Наверное, его современники чувствовали в этом непомерном, на наш взгляд, поругании какую-то справедливость. Ближе других, я думаю, к истине подошел Федин, сказавший, что Толстой не реализовал свои задатки: «…для того, чтобы сделаться великим художником, ему недоставало нищеты. Дар его был много выше того, что было им сделано <…>. Россия пожалеет не раз, что Толстой не поднялся на ту высоту, которую должен был занимать по природе» (Федин 1982-12: 358).
Наверное, у многих было ощущение, что Толстой-человек вредит Толстому-художнику, и это воспринималось как обида, недодача, порча. Действительно, зная нашего героя, можно с уверенностью сказать, что Толстой-художник и Толстой-человек оба, слаженно, при первом дуновении бедности взялись бы за любую халтуру. Правда, именно халтура, то, что писалось играючи, и есть лучшее в его творчестве. Как только жизнь его перестала баловать, он заболел и умер. Так и Дельвига обвиняли в лености, а выяснилось, что это была опухоль мозга.

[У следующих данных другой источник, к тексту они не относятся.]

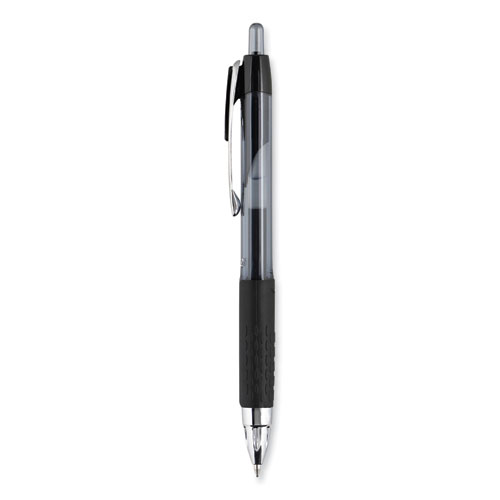 Image of Uniball® Signo 207 Gel Pen, Retractable, Micro 0.5 Mm, Black Ink, Smoke/Black Barrel, Dozen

Федин много раз подробнейше, иногда с восхищением, иногда без особой любви, но всегда с долей иронии изображал Толстого, которого он знал по Берлину 20-х, а затем по Детскому Селу, в своих романах конца 40-х годов «Необыкновенное лето» и «Первые радости». Он перенес в революционное лето 1918 года Толстого таким, каким он увидел его впервые в Берлине:
Он ходил по земле любопытным и судьей одновременно, и то становился простодушен, как зевака, то весь наливался самоуважением, точно посол не очень заметной державы. При этом ему всегда легко давалась любезность и сопутствовала природой дарованная радость бытия (Федин 1961: 138).